BEGIN Data excerpt

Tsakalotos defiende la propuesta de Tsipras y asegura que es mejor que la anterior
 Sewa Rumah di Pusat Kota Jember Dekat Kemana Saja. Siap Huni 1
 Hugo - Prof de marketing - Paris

END Data excerpt

[Directions]
The material must be duplicated in full, with each line kept exact.

[Your solution]
Tsakalotos defiende la propuesta de Tsipras y asegura que es mejor que la anterior
 Sewa Rumah di Pusat Kota Jember Dekat Kemana Saja. Siap Huni 1
 Hugo - Prof de marketing - Paris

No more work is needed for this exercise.